University of Dundee

DNDi, GlaxoSmithKline, and University of Dundee to identify drug candidates to treat leishmaniasis and Chagas disease

02 Apr 2018

The Drug Discovery Unit (DDU) will collaborate with the not-for-profit research and development organisation Drugs for Neglected Diseases initiative (DNDi) and GlaxoSmithKline (GSK) in a bid to discover new pre-clinical drug candidates targeting two parasitic neglected tropical diseases (NTDs), leishmaniasis and Chagas disease.

“This agreement will be a boost to our long-term strategy to develop entirely new chemical entities to treat neglected diseases and provide better treatment options for patients. Today, treatments for both leishmaniasis and Chagas disease come with significant drawbacks: treatment can be too long, too complex, come with significant side effects, be too expensive or be difficult to access. All of these factors limit uptake in endemic countries, and we need better options,” said Dr Charles Mowbray, Director of Drug Discovery, DNDi.

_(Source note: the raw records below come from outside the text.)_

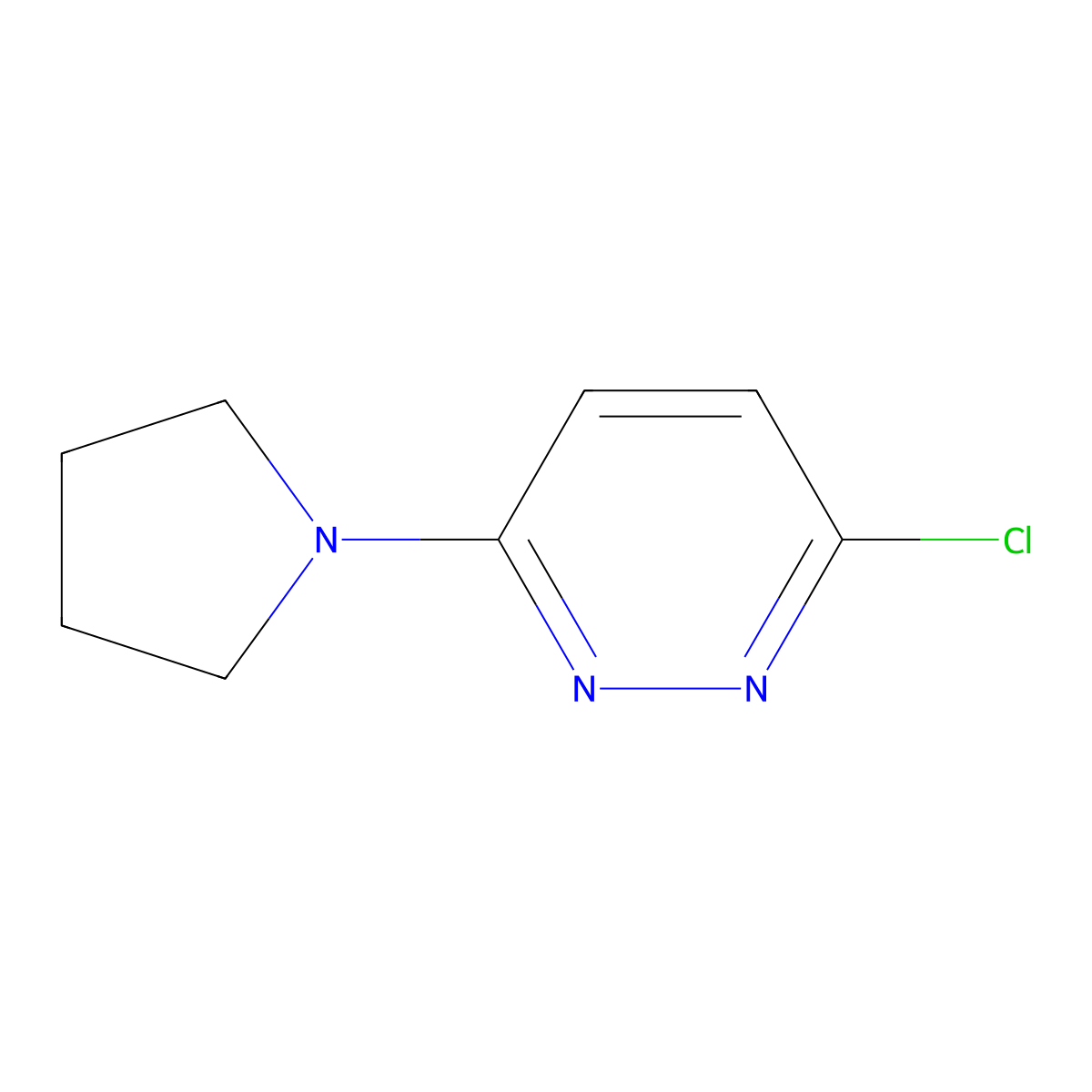 3-Chloro-6-(1-pyrrolidinyl)pyridazine molecular structure, CAS 66346-85-8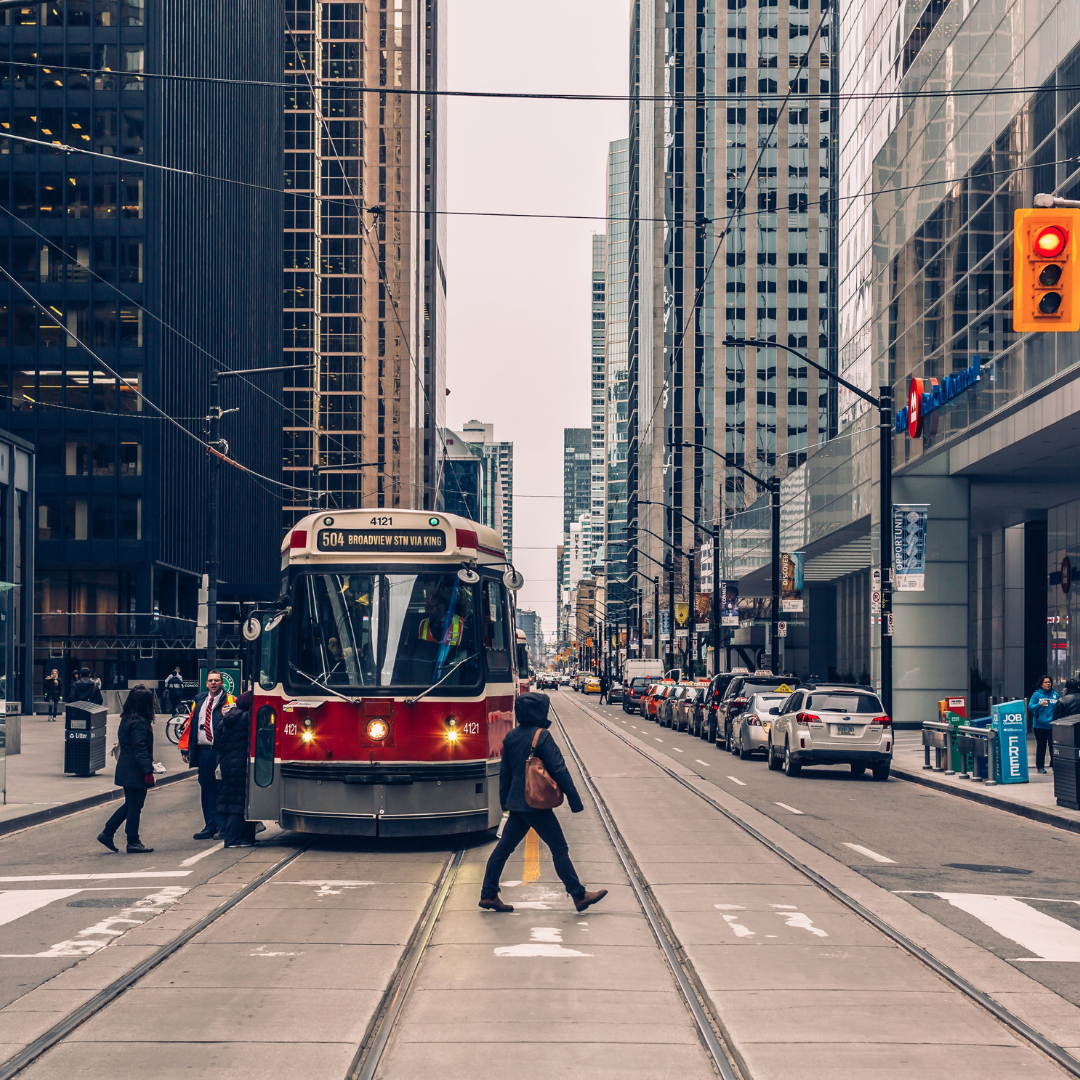 Street car in downtown Toronto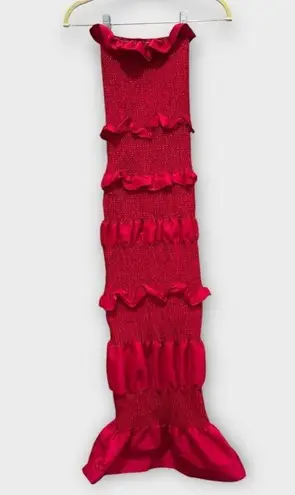 ORIRE Nama Smocked Ruffle Strapless Maxi Dress Size US/2 Pink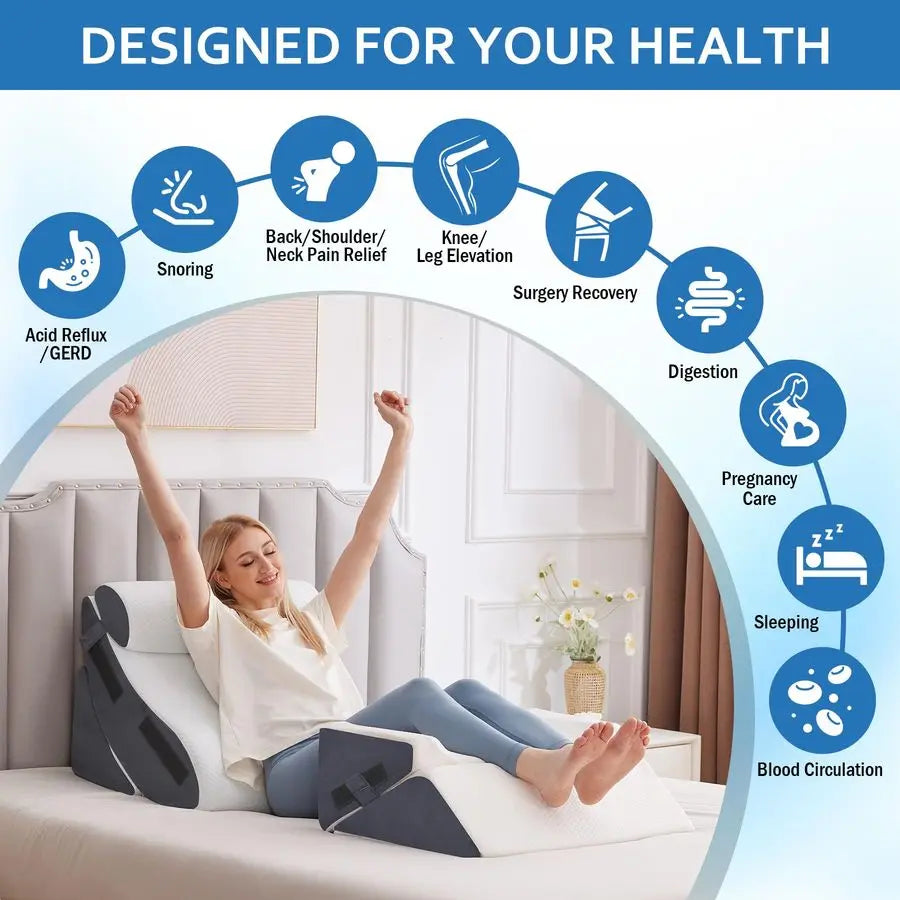 Wedge Pillow Set For After Surgery And Acid Reflux Relief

Over 1 billion around the world are at risk of leishmaniasis, which is transmitted by the bite of a sandfly. Visceral leishmaniasis, the deadly form, causes close to 30,000 deaths per year. Cutaneous leishmaniasis, with up to 1 million new cases every year, can lead to disfiguration and stigmatization for people affected. Chagas disease affects around 6-8 million people in 21 endemic countries across the Americas. The disease is one of the leading causes of heart failure in Latin America as it is responsible for life-threatening heart damage if not treated early.

“GSK has a strong history in discovery and development of medicines and vaccines for neglected diseases. This collaboration builds on our commitment to share our drug discovery expertise and resources to address the continuing burden of infectious diseases primarily affecting patients in the poorest parts of the world. We have already delivered exciting new candidate medicines in our partnership with the Wellcome Trust and the University of Dundee, and this new agreement allows us to extend this productive relationship to identify further promising approaches,” said Pauline Williams, SVP and Head, Global Health R&D at GSK.

The focus of the collaboration by the teams of scientists at GSK, DDU, and DNDi will be on designing, making, and testing new drug molecules, with a view to developing new pre-clinical candidates suitable for possible further development into safe, effective, and affordable treatments. As a part of the collaboration, the three organizations will pool their knowledge, chemical starting points, and resources to more quickly identify the most promising new drug candidates.

Wellcome was instrumental in co-funding the successful GSK-DDU collaboration that has delivered two novel pre-clinical candidates for visceral leishmaniasis and will continue to fund the GSK-DDU collaboration within the context of this work.  

“The DDU and our Wellcome Centre for Anti-Infectives Research are delighted to continue to put our expertise and capacities, developed within the excellent collaboration with GSK that delivered two pre-clinical candidates for leishmaniasis, to the service of those suffering from these neglected diseases, and we look forward to building on the strengths of our previous collaborations with GSK and DNDi,” said Professor Paul Wyatt, Head of the DDU and Director of the Wellcome Centre for Anti-Infectives Research at the University of Dundee.

Both Chagas disease and leishmaniasis are targeted for elimination as public health problems according to the 2020 Roadmap targets for the control, prevention, elimination, and eradication of neglected tropical diseases established by the World Health Organization. New, patient-friendly, safe, and effective therapeutic breakthroughs would provide considerable support to achieving this target.